Search code examples
mongodbreplicasetmongodb-replica-setchangestream

How MongoDB detects majority in PSA architecture?


Consider I have a replica set with 3 nodes (2 data nodes and one arbiter (PSA)). When for some reason one of my data nodes goes down and I bring it back, during syncing with primary node, that is in state STARTUP2. At his time I will lose my change stream because my replica set has 2 data nodes but I don't have majority of nodes to read.

How can I handle this issue?

I also read this MongoDB doc. Is that possible to set primary node priority value higher than secondary node (that is syncing itself with primary node)? Can I have majority by doing this even when my secondary node is in STARTUP2 state?


Solution

  • There are technically two types of majority. As I called them, they're "election majority" and "data majority".
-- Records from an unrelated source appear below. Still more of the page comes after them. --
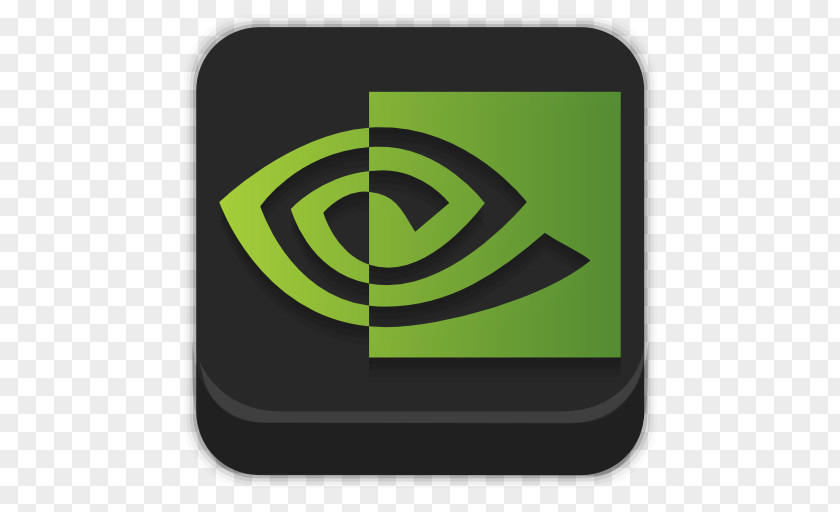 Nvidia Emblem Symbol Yellow PNG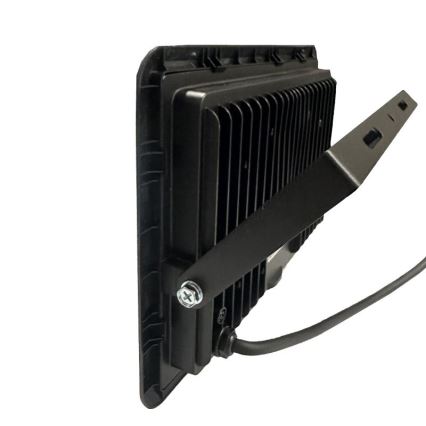 LED lauko prožektorius LED/100W/230V 4000K IP65 juoda
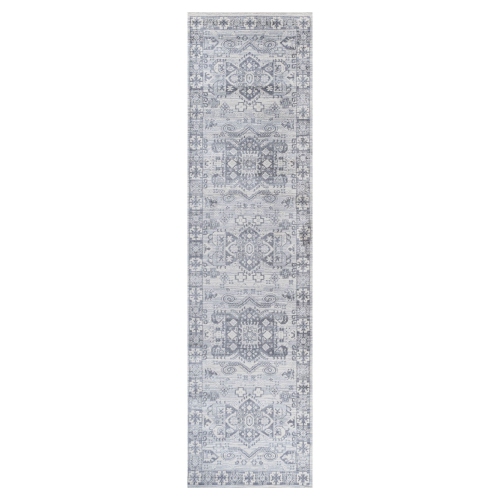 Tapis moderne à motif de médaillons d'époque perse Kasbah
    Arbiters are supposed to help with "election majority", where it helps maintain a primary availability in a PSA architecture should the S went down. However, they're not a part of "data majority".

    "Data majority", in contrast, are both for voting and acknowledging majority-read and majority-write.

    Changestreams by design will return documents that are committed to the "data majority" of voting nodes. This is because a write that's propagated to them will not be rolled back. It will be confusing if a changestream declared that a document was written, then it rolled back, then would have to issue a "no wait, scratch that, the write didn't happen".

    Thus by its nature, arbiters are not compatible with majority-read and majority-write scenarios such as changestreams or transactions. However arbiters still has its place in a replica set, provided you know what to expect from them.

    See What is the default mongod write concern in which version? for a more complete explanation of write concerns and the effect of having arbiters.

    A secondary in STARTUP2 is not a secondary yet. It may vote in elections, but it won't acknowledge majority writes since it's still starting up.

    In terms of changestream, since in a PSA architecture the "data majority" is practically only the PS part of PSA, none of the data bearing nodes can be offline for majority reads and writes to be maintained.

    The best solution is to replace the arbiter with an actual data-bearing node. This way, you can have majority-write, majority-read, and can have one node down and still maintain majority.